Le président de la Coordination européenne de soutien au peuple sahraoui (Eucoco), Pierre Galand, a lancé un appel, hier à Alger, au gouvernement français à changer de position vis-à-vis de la revendication «fondamentale» du peuple sahraoui, celle de son droit à l'autodétermination.
«Le nouveau gouvernement français doit tenir compte de l'appel international en faveur du droit fondamental du peuple sahraoui, en adoptant une attitude au Conseil de sécurité (de l'ONU) qui aille en direction du respect des droits de l'homme dans les territoires occupés», du Sahara occidental, a déclaré M. Galand lors d'une conférence de presse.
Cette conférence a été animée à l'issue d'une rencontre avec une délégation de militants des droits de l'homme venue des territoires occupés du Sahara occidental.
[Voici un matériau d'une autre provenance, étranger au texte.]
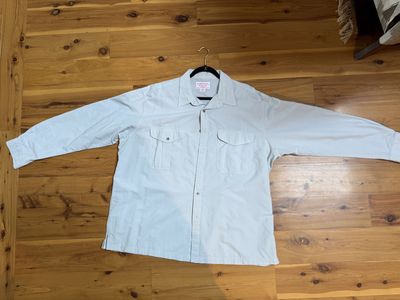 Filson Mens Travel Shirt, Style 12042, size XXL, Light Blue, Excellent Condition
M. Galand a relevé que la France, par sa position au Conseil de sécurité, «a tout fait pour empêcher d'élargir le mandat de la Minurso (Mission des Nations unies pour l'organisation du référendum au Sahara occidental), pour qu'elle veille au respect des droits de l'homme dans les territoires occupés et, même, de désigner un rapporteur spéciale des droits de l'homme».
Il a souligné, dans ce cadre, que la France devrait, aujourd'hui, tenir compte de l'appel de la communauté internationale en faveur du peuple sahraoui en faisant un «geste de bonne volonté» en faveur du respect des droits de l'homme dans les territoire occupés par l'élargissement du mandat de la Minurso ou par la désignation d'un rapporteur spécial. M. Galand a rappelé que plus d'une quinzaine de pays, dont la Grande-Bretagne et les pays nordiques, ont appelé récemment à Genève la communauté internationale à agir pour le respect du droit du peuple sahraoui à l'autodétermination.
L'ambassadeur sahraoui à Alger, Brahim Ghali, a indiqué, pour sa part, que le gouvernement de la République arabe sahraouie démocratique a demandé à la France, depuis l'installation du nouveau gouvernement, de changer de position à l'égard de la question sahraouie. Il a formulé l'espoir que le nouveau gouvernement français «veillera à l'application des résolutions de l'ONU (sur le conflit du Sahara occidental) et, surtout, qu'il ne s'opposera pas à l'élargissement du mandat de la Minurso».